While vilifying and refusing to acknowledge the achievements of America and the West, professors of Said's bent turn a blind eye toward the faults of non-Western cultures. Historian Keith Windschuttle observes that they exhibit a "kind of relativism not seen since the days of Lenin and Hitler when class-based and race-based hatreds were morally sanctioned by radical politics." Thus many radical academics cannot bring themselves to condemn cultural practices repellent to most Westerners, such as human sacrifice, cannibalism and female genital mutilation — for fear of demeaning the culture that fostered them.
This pattern of denial applies particularly to the events of 9/11 and the war on terror. In the 1980s and 1990s, for example, prominent professors of Middle Eastern studies excused away the growing threat of militant Islamism and terrorist attacks on American soil. Almost all of these academics simply refused to study such militancy — or even Islam itself! Prior to the 9/11 attacks, for instance, a Sarah Lawrence College professor accused "the terror industry" of fomenting an "irrational fear of terrorism by focusing…on far-fetched horrible scenarios."
Even what is still called "American" studies is riddled with anti-American prejudice. Cultural critic Alan Wolfe has surveyed these studies, and he ironically concludes that current academics in the field, such as those at Dartmouth and Duke, display "a hatred of America so visceral that it makes one wonder why they bother studying America at all." Like Said and his acolytes, these professors condemn the United States as imperialistic. They attack even the concept of our national unity, pronouncing this country to be an "imagined national community" and defining their role as "fracturing the very idea of an American nation, culture, and subject."
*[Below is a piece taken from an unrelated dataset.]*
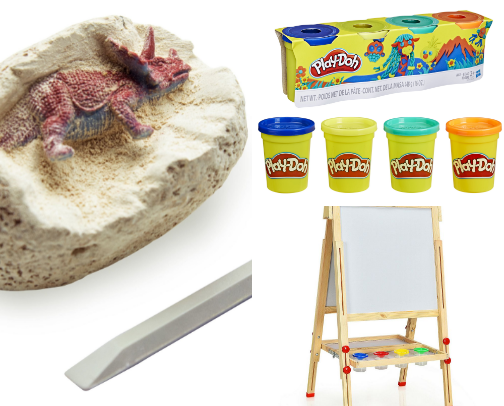 Toys for Toddlers cover photo collage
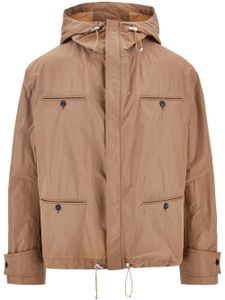 Ferragamo veste à capuche - Tons neutres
Another school of radicals does some imagining of its own. It envisages an international political monolith with which to replace America and indeed all of liberal democracy in the West. These yearnings are embodied in a doctrine called "transnational progressivism," which is gaining prominence in law schools, for example, at Princeton and Rutgers. As John Fonte of the Hudson Institute points out, professors in this camp argue for the establishment of a new transnational regime, or world government, that is post-liberal democratic and, in the American context, post-Constitutional and post-American. Within such a regime the key political unit would not be the individual citizen who voluntarily associates with fellow citizens but the racial, ethnic, or gender group into which one is born.
What can be done to counter this widespread academic radicalism? How do we return to intellectual pluralism in our colleges and universities?
A first step lies in reforming the autocratic hiring and promotion practices that permit the likes of De Genova to replicate their ranks and to cement their control of ideas. In an essay titled "Academic Corruption" published in The Monist, John Kekes, a professor at the State University of New York-Albany, explains how this process has been tainted. The choice of new faculty members is now commonly driven by the prejudices of those academics making the selection — not by how qualified the applicants are to uphold the truth as teachers or researchers. Hiring is furthermore influenced by something called "collegiality," which is a code word for whether the attitude of the applicant — that is, regarding Left-wing causes and social transformation — is to the liking of the committee.
The right of extremist and antiwar professors like De Genova to spew forth their anti-American venom must be protected. But students also have a right to hear the views of traditionalist scholars, and those who would defend our national identity and this country. Fair and open faculty hiring would foster educational diversity on campuses. It is urgent that faculties and higher education governing boards ensure such openness.
Candace de Russy is a member of the Board of Trustees of the State University of New York. She chairs the board's Committee on Academic Standards. De Russy was appointed to the Board of Visitors of the U.S. Air Force Academy by President George W. Bush in 2002.